Hundreds of Central Floridians fanned out in droves to scour nearby forests and fields in hopes of finding Kayla alive and well. The search lasted for five days — five agonizing days. Her father and stepmother participated in the charade, knowing full well that the child was already dead.
Kayla’s father confessed to beating Kayla to death and burying her body in the woods. He was charged with murder and aggravated child abuse. According to prosecutors, Adams, 24, slammed Kayla against a wall and struck her with a paddle after she soiled her underwear. He buried her in a forest some 50 miles from his home. Officers first uncovered three of her fingers sticking out of the grave where her father finally told deputies he’d buried her.
Richard Adams brought Kayla to the doctor’s office in June 1998. Two abuse reports about the first-grader had already been called into the Florida Child Abuse Hotline. The doctor called in a third report after determining the child was in “imminent danger” of abuse from her father.
The 6-year-old was bruised and battered all over her body, including black eyes, scratches on her face and bruises on her chest, abdomen, and backside. The little girl’s father told three different stories to explain the injuries — none of which added up, according to the doctor.
Adams told the physician several stories of how Kayla got her multitude of injuries: Kayla fell off her bike and hit her eyes on the handlebars; Kayla hit her head on the door jamb; Kayla fell on the ground while he was making her do jumping jacks.
The doctor didn't believe him. The injuries he saw during his examination of the little girl would require blunt-force trauma to the face.
The previous month, May 1998, a friend of the girl’s father had been horrified when he saw Kayla’s bruised and battered face. At first, he thought the little girl was wearing a Halloween mask. The whole side of her face was swollen. One of her eyes was swollen shut and oozing. The other was bruised and red. Her left hand was so swollen and purple that her knuckles had disappeared. Adams said Kayla got hurt by riding her bike into a brick wall.
The father’s friend eventually persuaded Adams to take the girl to the emergency room at South Lake Hospital. He was relieved when the DCF investigator showed up at the emergency room to interview Adams and Kayla because he figured she would see the abuse and take the little girl away from her father.
Lake County child welfare workers investigated and determined that Adams had assumed custody of the girl weeks earlier after her mother, Adams’ former girlfriend, entered a battered woman's shelter. Kayla had two black eyes and a broken nose and left hand.

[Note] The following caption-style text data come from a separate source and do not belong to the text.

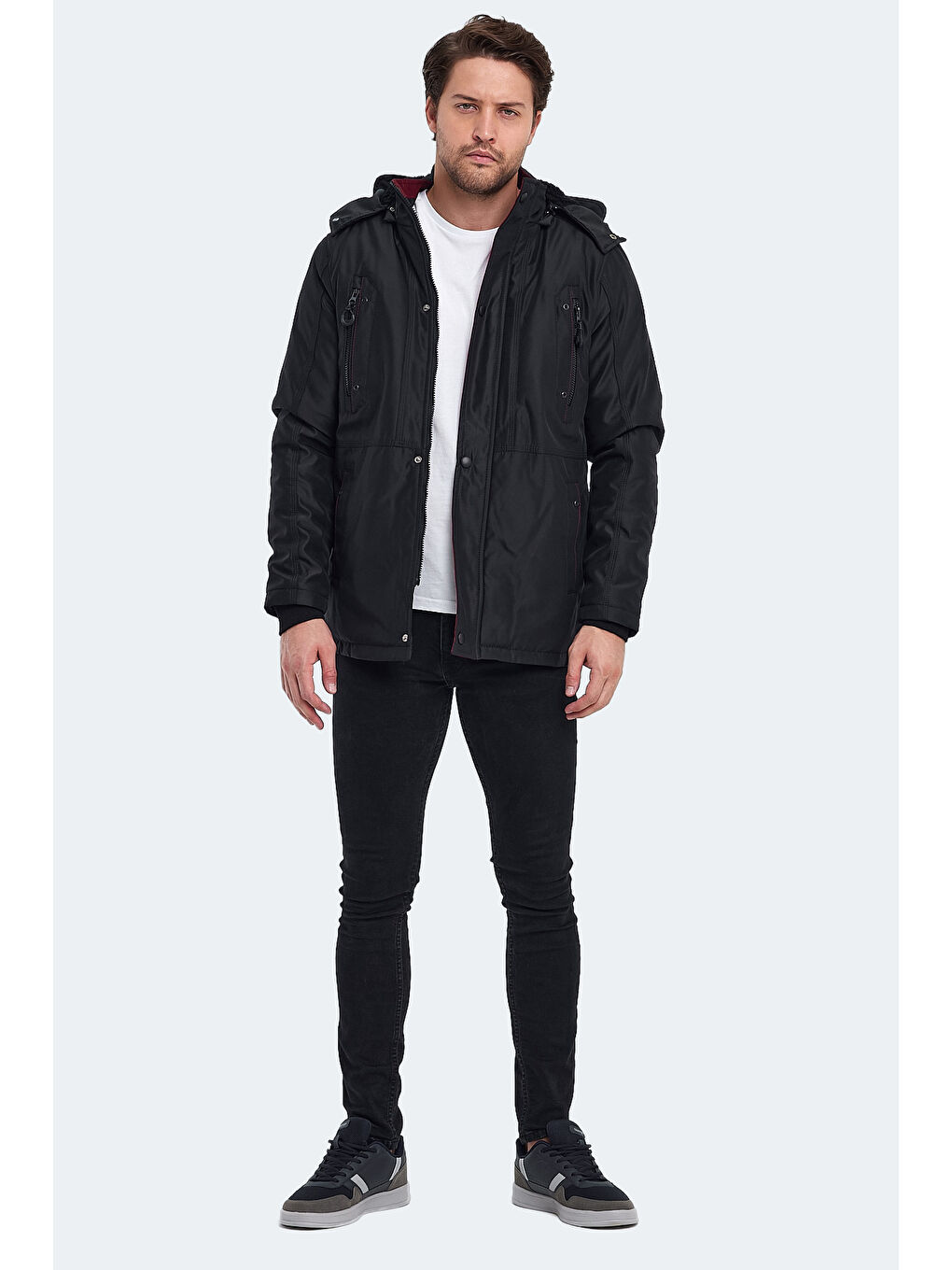 HOLD Erkek Mont & Kaban Siyah-6
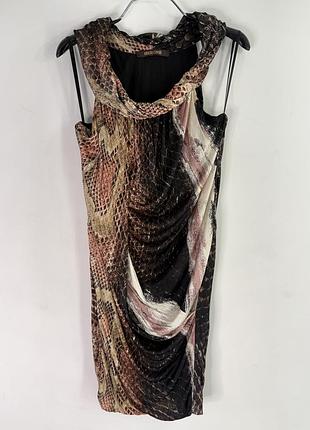 Roberto cavalli snake python dress m size 5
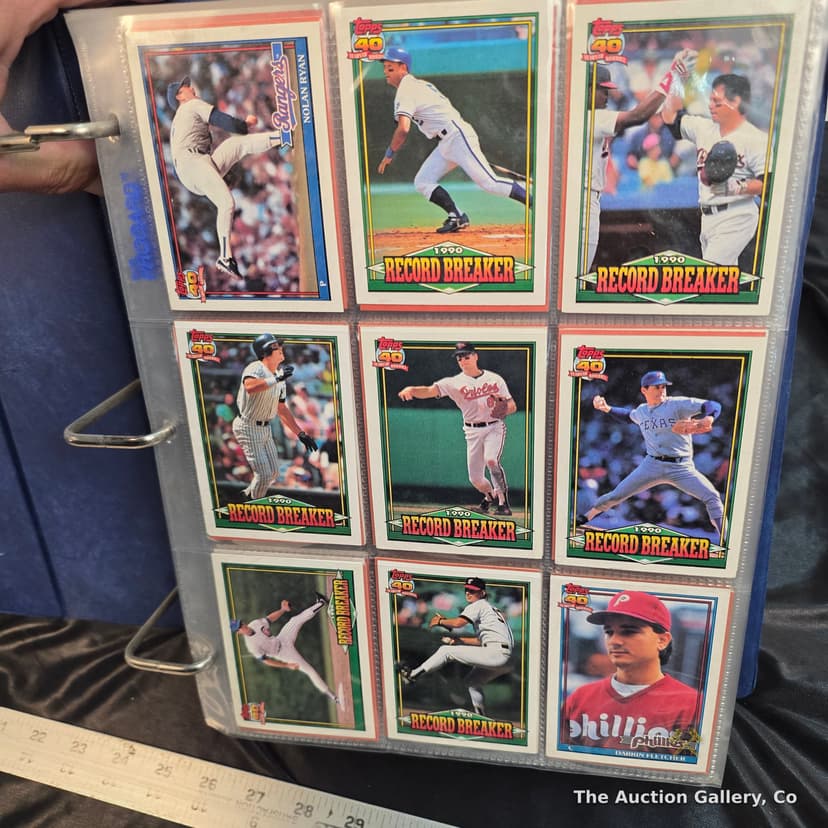 1991 Topps Baseball Complete Set, #1โ792 in Binder โ photo 3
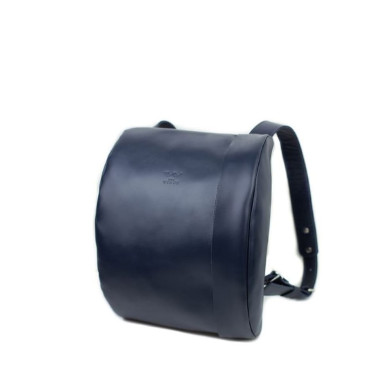 Cloud S leather backpack blue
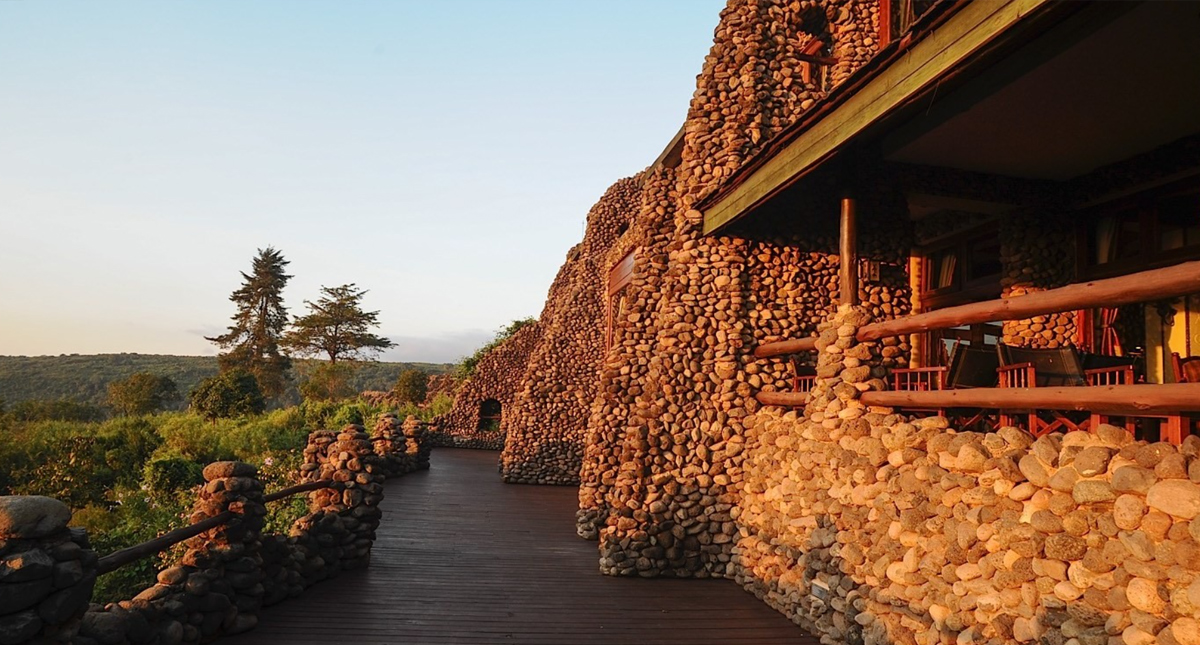 Ngorongoro Serena Safari Lodge exterior walkway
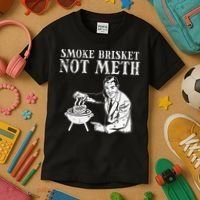 Grill Brisket Fun Bbq Barbecue Meat Grilling Master Dad Kids T-Shirt thumb 3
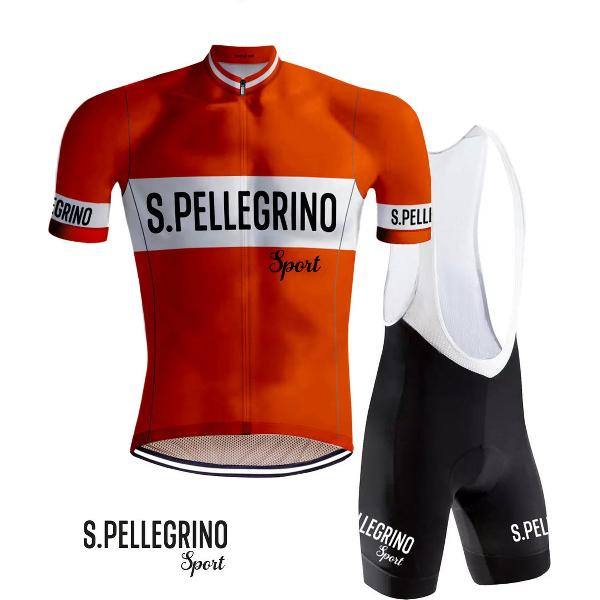 Retro Wielertenue San Pellegrino Oranje - REDTED - M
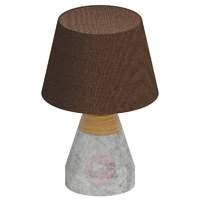 stylish tarega fabric table lamp concrete base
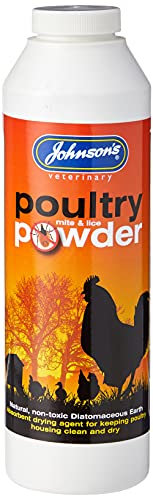 Johnsons Poultry Mite & Lice Powder,White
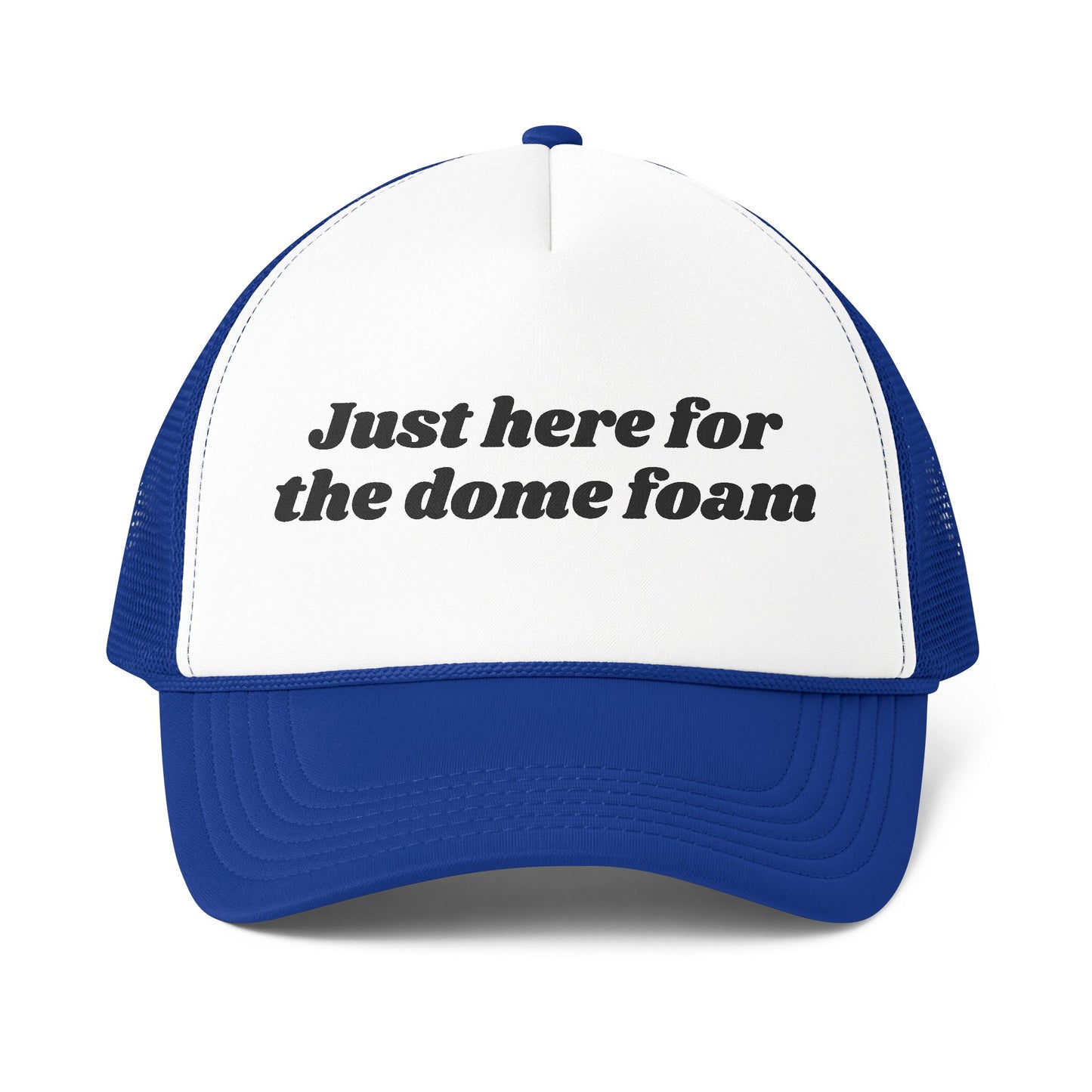 Foam Mesh-Back Trucker Cap - dome foam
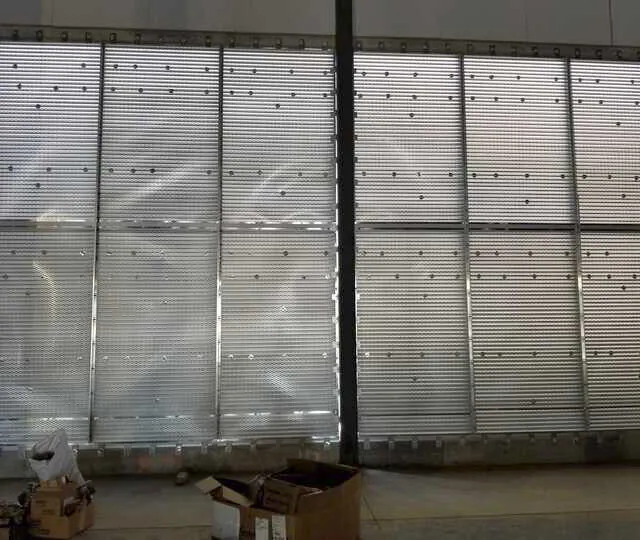 White Foil JM rigid insulation at data center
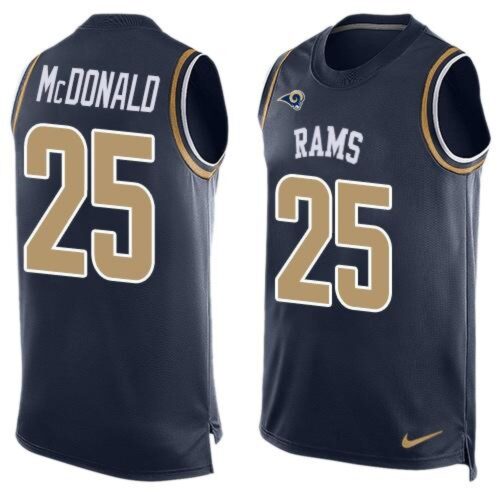 6861e44a593ed_1 Rams #25 T.J. McDonald Navy Blue Team Color Men's Stitched NFL Limited Tank Top Jersey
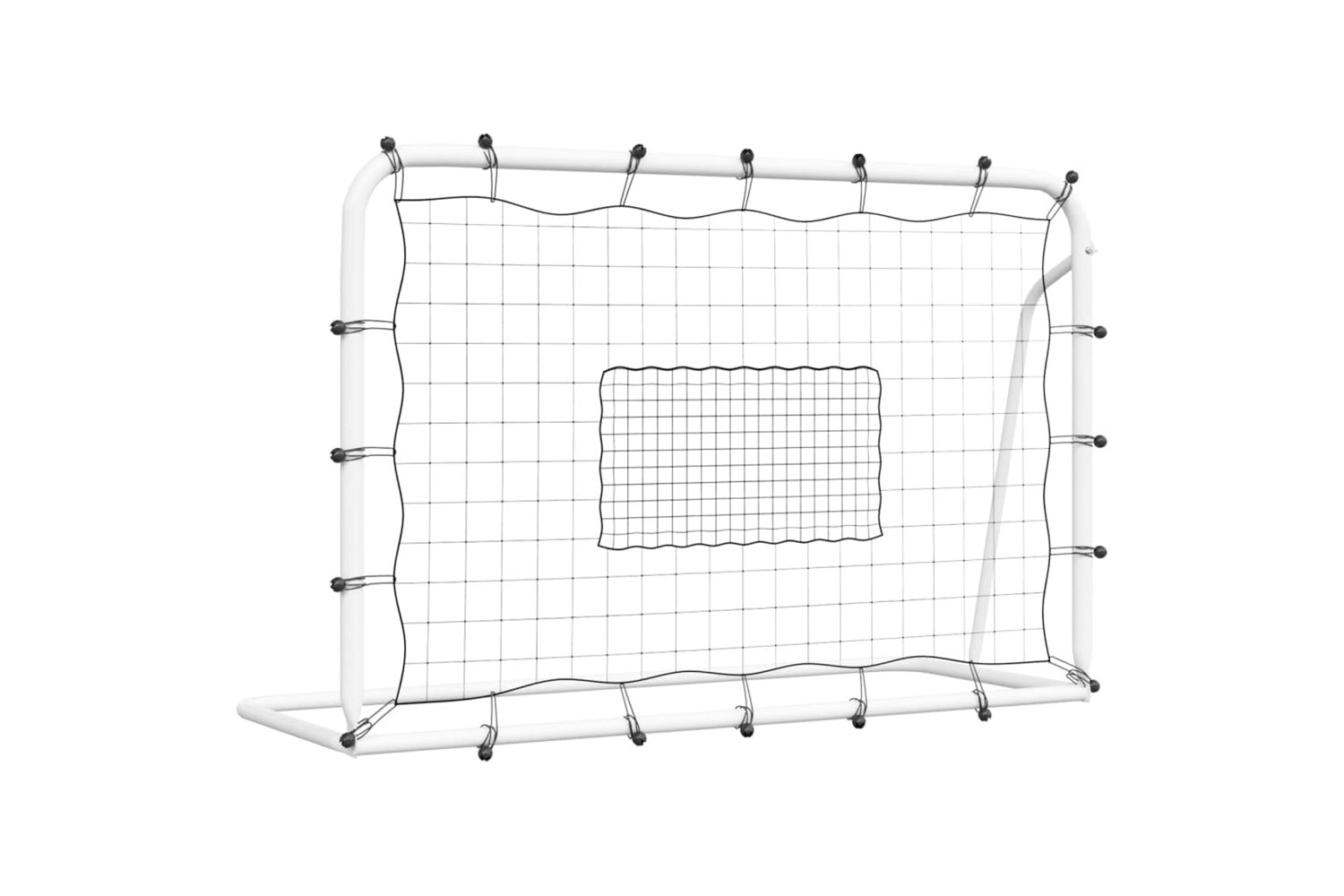 vidaXL Football Net Rebounder White&black 184x61x123cm Steel And Pe-2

Adams said Kayla had fallen off her bike. DCF investigators placed her in a foster home and asked for a hearing on whether she should be removed from Adams' home. But in a report to the judge, the DCF investigator mentioned only Kayla's black eyes and swelling, not the other injuries. He had recommended the girl stay with her father. The judge agreed.
In the months before Kayla was killed, child welfare workers missed one chance after another to intervene and perhaps save her life.
So now the law requires social workers to call law enforcement on all cases of child abuse, abandonment, or neglect, so that officers or deputies can decide whether to start a criminal investigation. Before, the social worker could decide whether to notify police
As for Kayla McKean, “I certainly don't think her last days on Earth were pleasurable,” the lead investigator of her murder commented.